Sunday, June 10, 2018

"Papi"



“Papi!”.

The wail came from the child strapped on the EMS guerney. The Emergency Department was at its busiest with its usual din of alarms, and conversations between staff and patients, but that single word stopped me in my tracks. I could hardly see the patient with the crowd gathered around him, but I could hear the anguish and desperation from that single word. The child was shouting for his father. He was hoarse, his voice cracking.

Two men in black shirts emblazoned with the word ICE stood silent but watched everybody with eagle eyes. Their stern faces as they stood next to the patient did not invite any questions. A social worker from the detention shelter presented herself to the triage nurse. “We need a Psychiatric consult for the kid, he tried to bang his head on the floor after he was caught running away… again.”

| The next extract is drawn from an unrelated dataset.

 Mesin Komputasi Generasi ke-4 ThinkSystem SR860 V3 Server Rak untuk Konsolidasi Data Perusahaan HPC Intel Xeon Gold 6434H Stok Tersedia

As the triage nurse reached out to put the blood pressure cuff on the boy, he cowered in fear and started screaming unintelligibly. The only word that we understood was "Papi". He repeated it over and over again, as if such repetition will conjure the man. His voice was hoarse, probably from hours of screaming. The social worker spoke in Spanish to the boy and tried to calm him down. The boy clung to the social worker, the person most familiar to him. His lips quivered and his beautiful brown eyes spoke of the terror he felt surrounded by strangers.

The patient was a 7-year-old from Guatemala who was separated from his father at the Immigration Center. He lost his mother two years ago from a violent attack by a drug gang in his city. Father and son were caught trying to cross the border to America, to seek asylum, anything to escape what was a living hell for them. At this moment, the boy is trapped in a nightmare that no child should ever be in.

As part of the ‘zero tolerance” policy against illegal immigration, the father was whisked away to the detention center and the boy was brought into the processing center with hundreds of other migrant children, also kept apart from their parents. Countless other kids who learned early on that America is not the haven that their parents thought it would be.

The pediatrician shooed everybody from the room except for the nurse and the social worker. The ICE men stood guard outside the room. The charge nurse called for the psychiatric doctor to examine the child. Until then, the staff could only try to calm him down and prevent him from bolting out of the door. He was sitting on the bed, refusing to speak with anyone else; his arms clutching a teddy bear that the nurse gave him.

It was difficult walking away from the terrified little boy. There was nothing I can do at that moment. But I will do something to share my voice to stop this cruelty to the vulnerable victims of a xenophobic law.

I do not condone illegal immigration, but is it really necessary to separate the children from their parents? This is emotional blackmail and it hurts the kids the most. Are we risking the children's mental well-being just to enforce the rules?

How much heartache could a 7-year old take? How did it come to this that a child is taken away from his “Papi”? How did it all come down to "zero humanity"?